The knife originated from the French fan knife and its first local incarnation was handcrafted from a small barrio named Balisong in Batangas. It was said that the term balisong came from the term baling sungay (broken horn) since the first of these kinds were made from carved carabao horns.
Everyone in the country is familiar with balisong and I bet most of us had handled or owned one at one time or another, but for those unfamiliar with this kind of blade, I’ll give a brief description.
A balisong is a folding knife with two handles that encloses and hides the blade when not in use. The blade is revealed by flipping open the two half-handles that clips together and form its grip. The real charm of this weapon is from the way it is fancifully flipped open, click here for a demo.

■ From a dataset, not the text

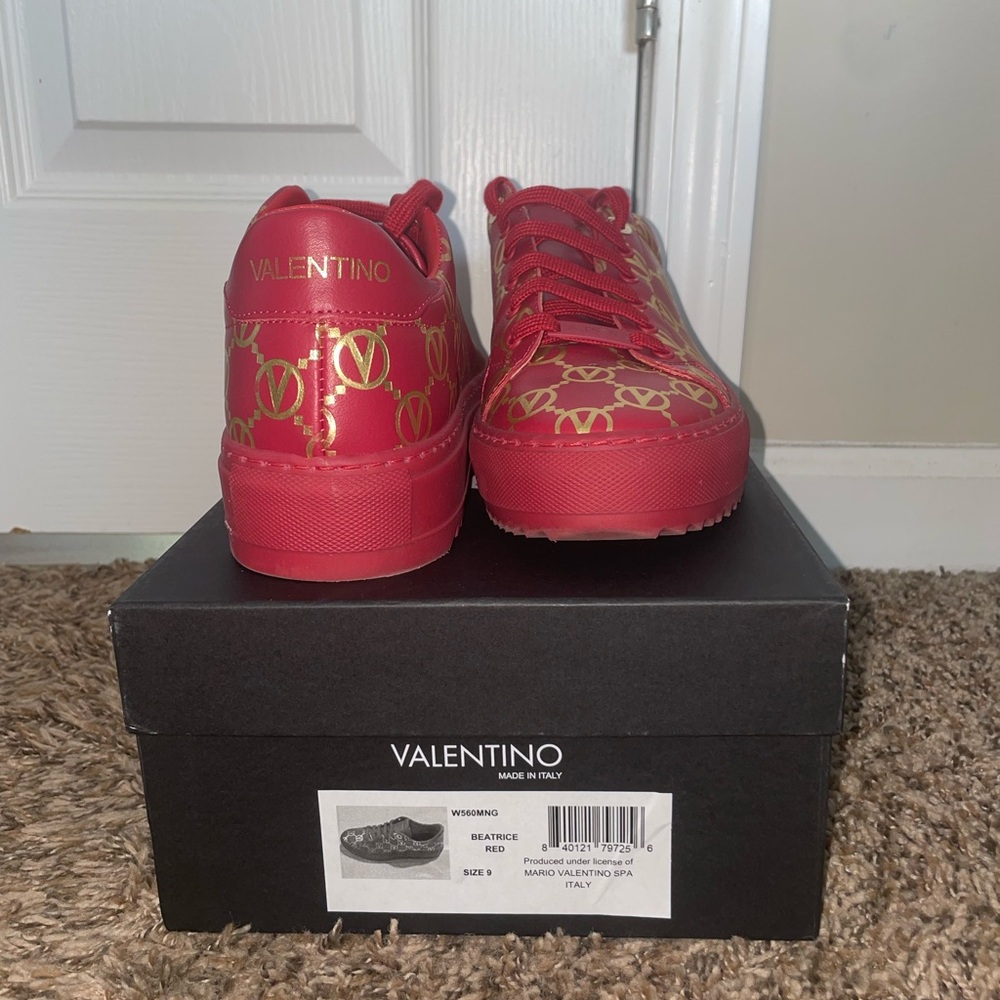 Red/Gold MARIO VALENTINO SNEAKERS SIZE 9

For an easier explanation, here’s an illustration from Wikipedia:
The store we checked out also has various blades for sale, including home-made cleavers, machetes and pen-knives (which looks like a pen, but instead of having a ball point, it has knife inside). They also have a foot-long Batangas balisong displayed in a frame, but I forgot to ask if it was for sale.
Note that it is legal to sell and own a balisong to a certain extent, 29cm being its legal length limit.
It is generally believed that every Batangueños own a balisong. I asked my Batangueña officemate regarding this legend and she says she does not have one, she was even asking us if we could buy her one; so there goes that myth.